Be Informed:Parental Child Abduction
If your child is missing or you are worried your child may go missing, please refer to How can we help you? for information on indicators of risk, prevention, and immediate steps.
Parental child abduction involves situations where one parent takes or keeps a child under the age of 14 away from the other parent without the other parent’s consent. Regardless of whether there is a Canadian court order of custody, the abducting parent may be charged with parental child abduction (kidnapping) under the Criminal Code of Canada. Where there is no Canadian custody order, special consent from the Attorney General1 must be given before a parental child abduction charge can be laid.
In Canada, abduction by a parent or guardian is the most common form of child abduction.
In parental child abduction situations:
- It is not uncommon for other family members to assist the abducting parent in removing or concealing the child.
- A child can be taken for days, months, or years, and may not have contact with anyone outside of the abducting parent.

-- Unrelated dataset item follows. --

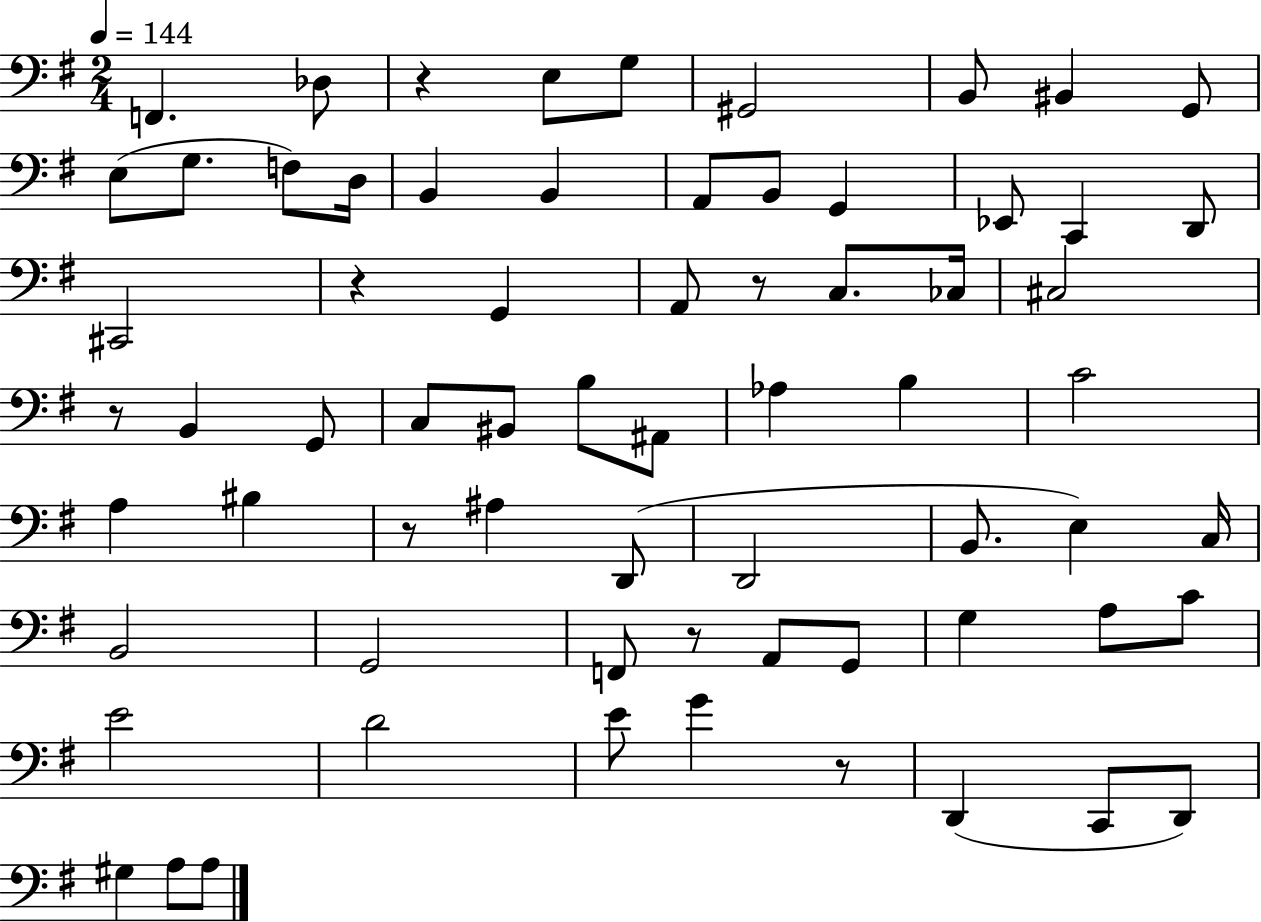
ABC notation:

- A child may be told that they are just staying over at the abducting parent’s house longer, going for an extended vacation, or that the searching parent has been harmed or no longer wants them.
- A child may, in extreme cases, be given new identities and travel from place to place.
While most parental child abductions are resolved with the searching parent and the abducted child reunited quickly, they are harmful and traumatic events that may have lifelong impacts on everyone involved. For more information on the impact of parental child abduction, download the information sheet below.
For additional information on parental child abduction, please refer to our Parental Child Abduction section.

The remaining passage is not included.